Prediction works in following way:
- using input coins photo country is predicted
- loading matrix for predicted country with output labels for predicted country only
- do exact coin classification using country specific matrix
There is about 500 countries/regions in database and each of them has less 1000 coins assigned, so, implementation NNs with 1000 output labels is feasible for current 'memory/computation budget'.
Drawback: A lot of NNs created (approximately 500) vs one large network.
Challenge: Not much labeled data.
Only 10% of coins have 5 and more photos. 70% of coins have one photo only.

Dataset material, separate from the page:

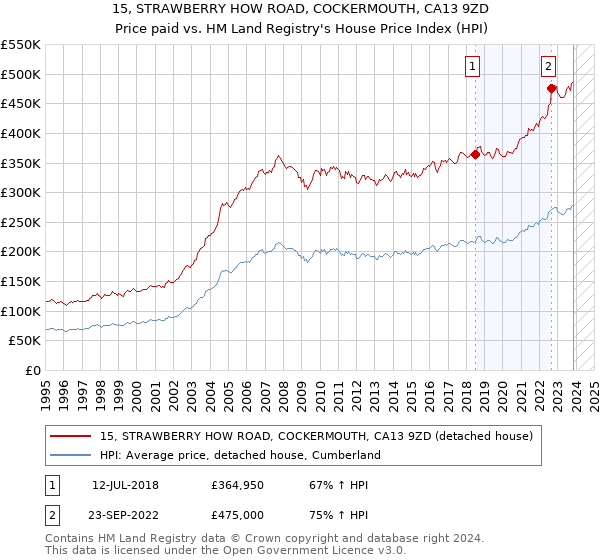 15, STRAWBERRY HOW ROAD, COCKERMOUTH, CA13 9ZD: Price paid vs HM Land Registry's House Price Index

Convolution frontend is used. Data augmentation is used: new images with tiny rotations and brightness adjustments for every photo are created.
Challenge: gut feeling vs empirical tests.
There are a lot of meta parameters in Neural Network (patch size, amount of features, ...). Initially they were set up using feeling that it will be the best parameters.
Despite performance was not ideal I followed 'gut feeling' few months.
After tuning these parameter using cross validation set performance become significantly better (20% better prediction accuracy and 3 times faster training time).
Do NN parameters tuning using empirical tests on cross validation set.
Some notes for the project
Amount of output classes (coins)
more than 20,000. Exact number check here
about 10 second per photo. Functionality is run as background job/service.
about 40% for the top prediction. 75% for the top 3 predictions. "Top 3 predictions" mode is good enough to run NN in pre-approvement mode (NN does prediction which is approved by human).